In my writing, I typically focus on dividend-paying ETFs that have strong yields, returns, and buy ratings. Occasionally, I also discuss weaker ETFs to caution investors about their shortcomings and suggest suitable alternatives. In this article, I will provide a brief overview of three such ETFs.

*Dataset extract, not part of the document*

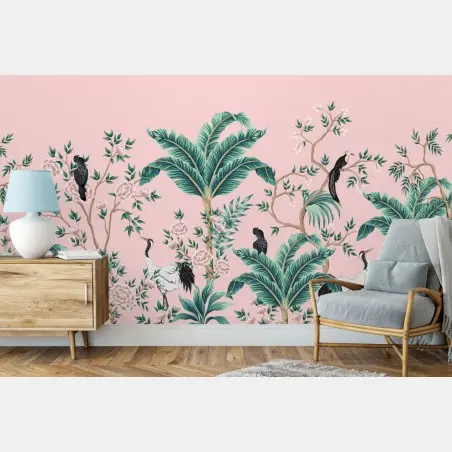 Fotomural escena tropical de aves y flores sobre fondo rosa – Pixers®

HYG – Expensive High-Yield Bond ETF
The iShares iBoxx $ High Yield Corporate Bond ETF (HYG) is the largest high-yield bond ETF in the market, with $16.5B in assets. HYG is also one of the most expensive high-yield bond ETFs, with a 0.49% expense ratio, which is double the industry average. This high expense ratio negatively impacts HYG’s dividend yield and returns, making it less attractive compared to other ETFs with lower expenses and stronger performance.
BIL – Simple T-Bills ETF
The SPDR Bloomberg 1-3 Month T-Bill ETF (BIL) is a straightforward index ETF with minimal risk, volatility, and drawdowns. While BIL has an average 0.14% expense ratio, there is a better alternative in the form of the Alpha Architect 1-3 Month Box ETF (BOXX) which offers comparable returns through equity options and potential tax benefits.
MORT – Risky mREIT ETF
The VanEck Mortgage REIT Income ETF (MORT) invests in mREITs, which are financial institutions focused on leveraged mortgage investments. While MORT offers a high dividend yield of 11.9%, it also comes with significant risk due to the high leverage ratios of mREITs. Investors looking for strong yields have better alternatives such as the VanEck BDC Income ETF (BIZD) and the Panagram BBB-B Clo ETF (CLOZ), which offer higher returns with lower risk.
In conclusion, while HYG, BIL, and MORT are dividend-paying ETFs, there are stronger alternatives available for investors seeking better performance and lower risk.